Presentation Information

[4K5-GS-6c-03]Towards Online and Token-Level Direct Preference Optimization in Machine Translation

〇Yin Zhang1, Takehito Utsuro1, Masaaki Nagata2 (1. University of Tsukuba, 2. NTT Communication Science Laboratories)

Keywords:

Machine Translation,Reinforcement Learning

Direct Preference Optimization (DPO) has recently shown strong performance in aligning large language models with human preferences,but existing approaches are mostly applied offline and at the sequence level.This limits their ability to adapt to dynamic feedback and to capture fine-grained translation errors such as omissions,mistranslations, and local fluency issues.In this work, we propose an online token-level DPO framework for machine translation.

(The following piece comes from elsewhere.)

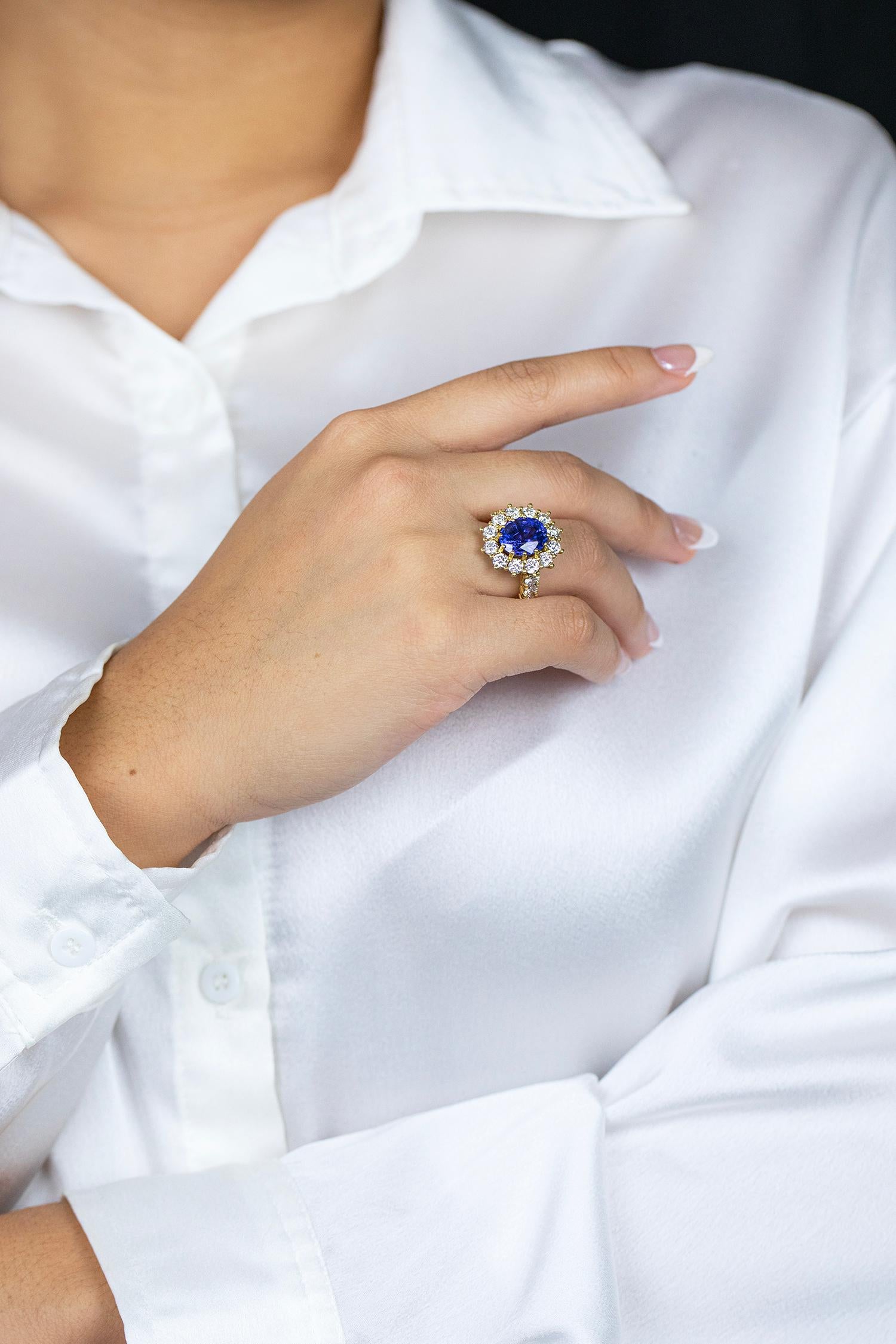 GIA Certified 6.17 Carats Oval Cut Color Change Sapphire & Diamond Cocktail Ring For Sale 1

Our method extends standard DPO in two directions:(1) online optimization, where preference data are generated and incorporated during training, enabling continuous model improvement; and(2) token-level preference modeling, which assigns preferences at a finer granularity instead of treating each translation as a single unit.By integrating token-level preference signals into an online DPO pipeline, the model can better learn which local translation choices contribute to overall translation quality. We apply our approach to machine translation tasks and show that it improves adequacy compared to conventional sequence-level and offline DPO methods. Our results suggest that fine-grained, online preference optimization is a promising direction forbuilding more reliable and adaptive machine translation systems.